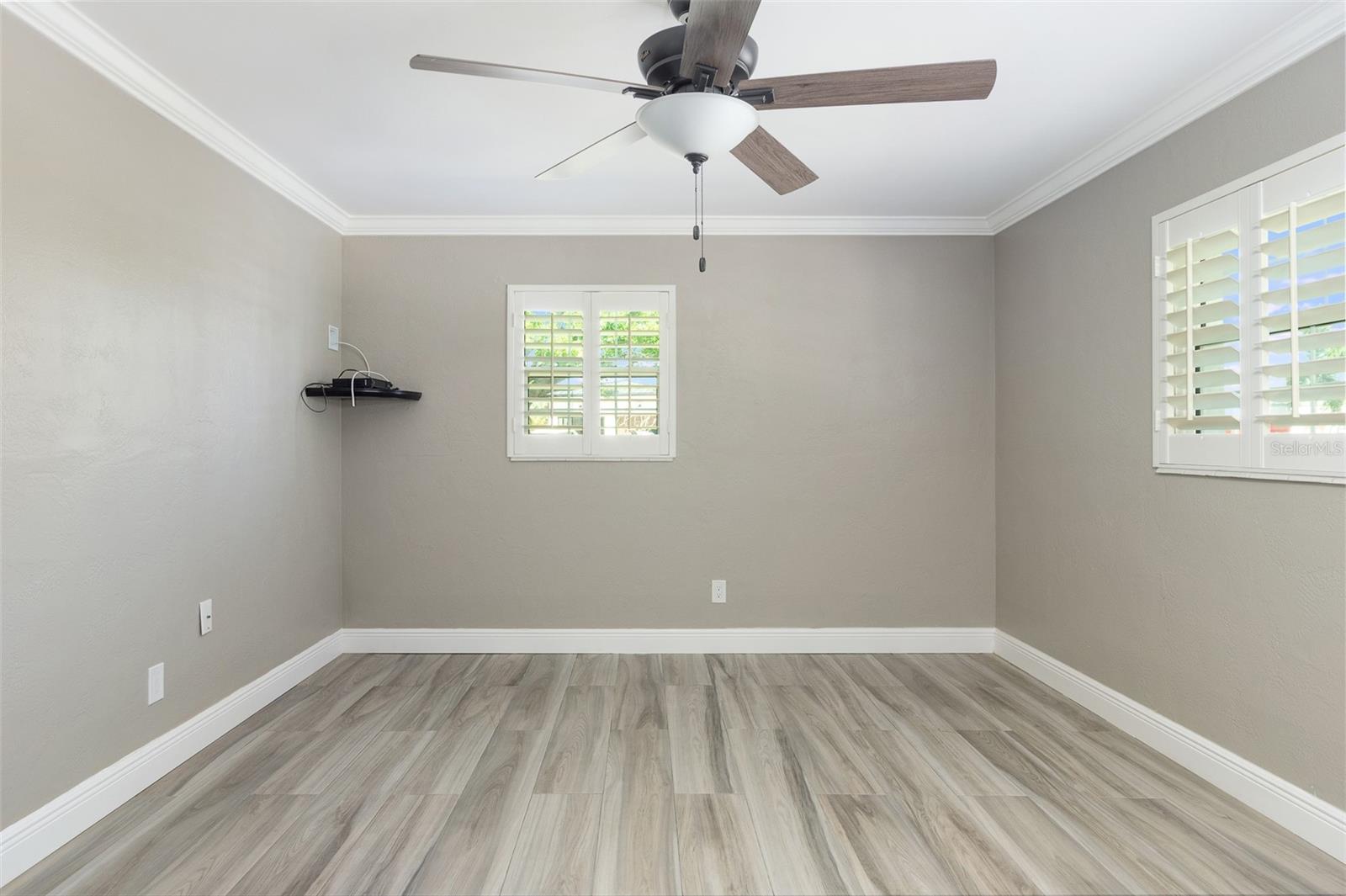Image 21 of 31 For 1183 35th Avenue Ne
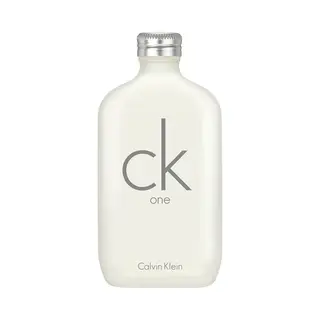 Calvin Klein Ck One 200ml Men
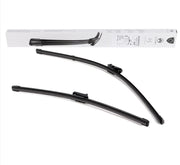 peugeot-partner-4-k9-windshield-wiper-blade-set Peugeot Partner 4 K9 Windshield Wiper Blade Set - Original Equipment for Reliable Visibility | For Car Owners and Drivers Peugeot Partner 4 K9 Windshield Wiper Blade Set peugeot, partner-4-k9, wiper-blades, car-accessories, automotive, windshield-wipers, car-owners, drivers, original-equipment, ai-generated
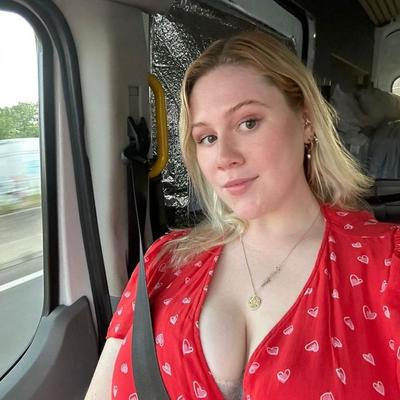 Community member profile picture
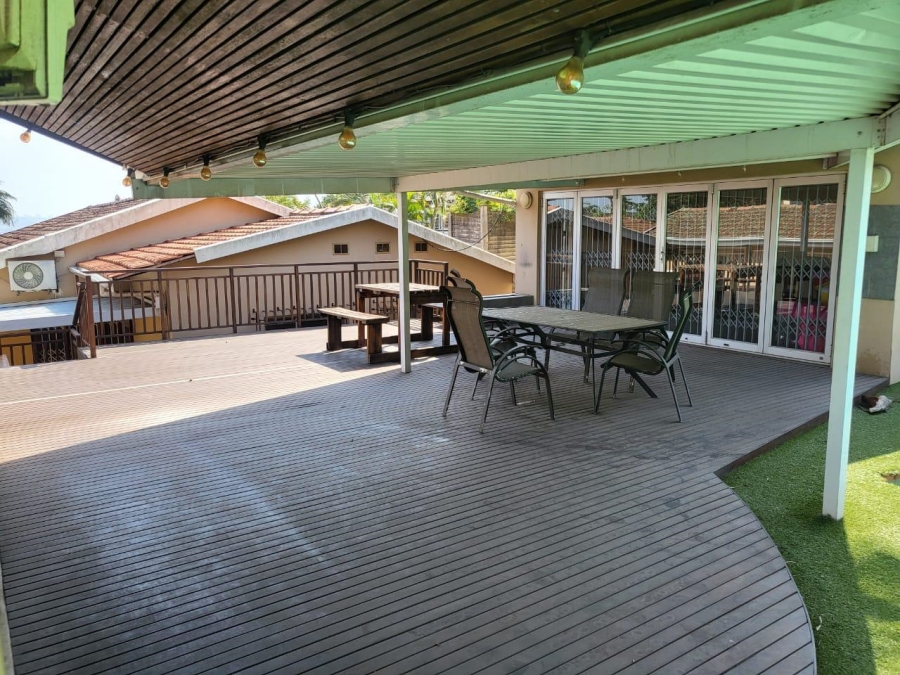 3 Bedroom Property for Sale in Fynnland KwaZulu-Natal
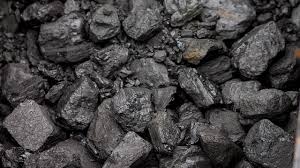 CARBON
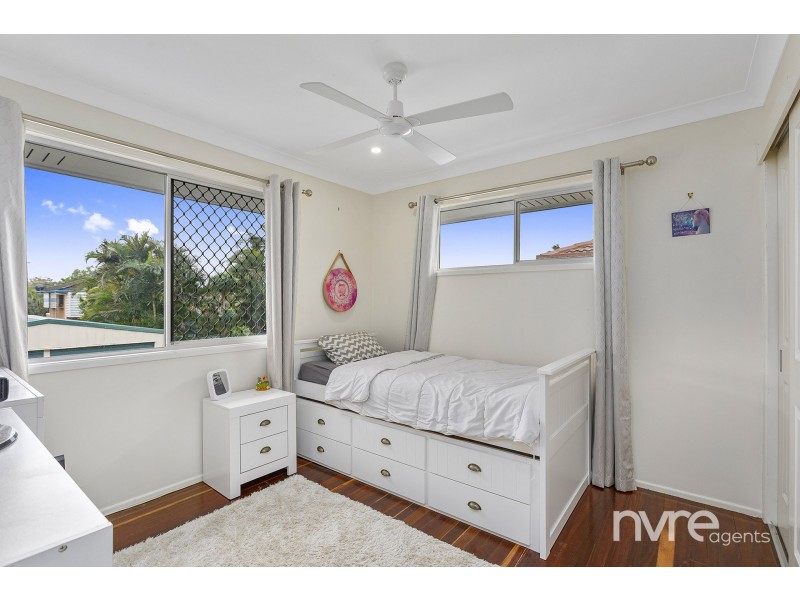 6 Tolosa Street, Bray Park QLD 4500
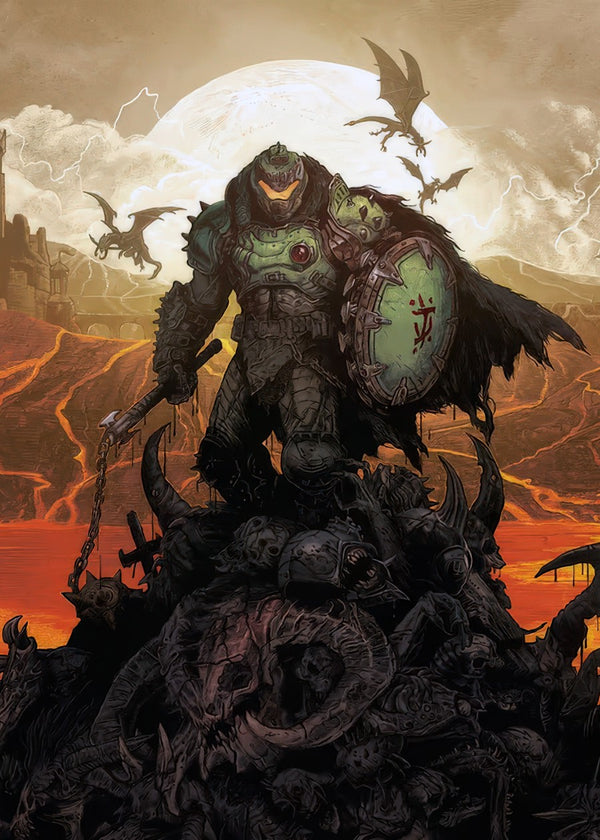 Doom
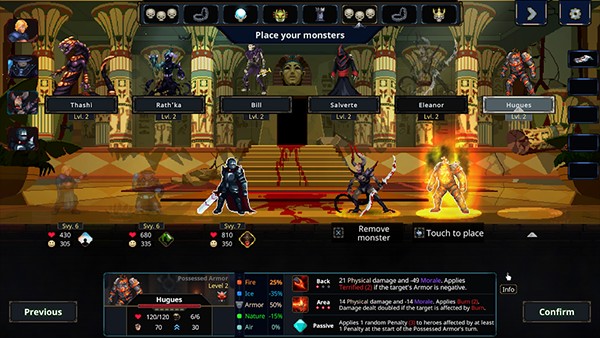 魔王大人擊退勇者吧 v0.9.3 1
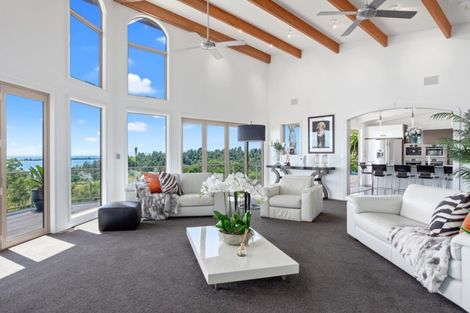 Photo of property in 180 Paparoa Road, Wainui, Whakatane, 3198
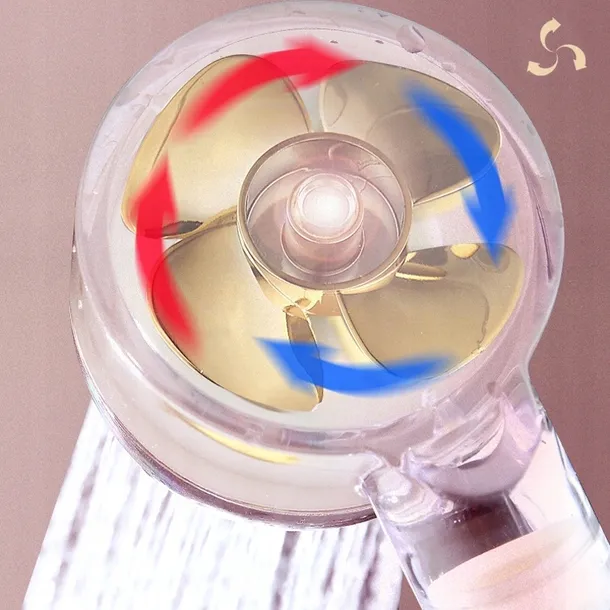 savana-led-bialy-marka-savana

> **EXERCISE OBJECTIVE**: Please copy the entries in full. Leave each image out.

> **OUTPUT FOR THIS TASK**:
Image 21 of 31 For 1183 35th Avenue Ne
 Calvin Klein Ck One 200ml Men
 peugeot-partner-4-k9-windshield-wiper-blade-set Peugeot Partner 4 K9 Windshield Wiper Blade Set - Original Equipment for Reliable Visibility | For Car Owners and Drivers Peugeot Partner 4 K9 Windshield Wiper Blade Set peugeot, partner-4-k9, wiper-blades, car-accessories, automotive, windshield-wipers, car-owners, drivers, original-equipment, ai-generated
 Community member profile picture
 3 Bedroom Property for Sale in Fynnland KwaZulu-Natal
 CARBON
 6 Tolosa Street, Bray Park QLD 4500
 Doom
 魔王大人擊退勇者吧 v0.9.3 1
 Photo of property in 180 Paparoa Road, Wainui, Whakatane, 3198
 savana-led-bialy-marka-savana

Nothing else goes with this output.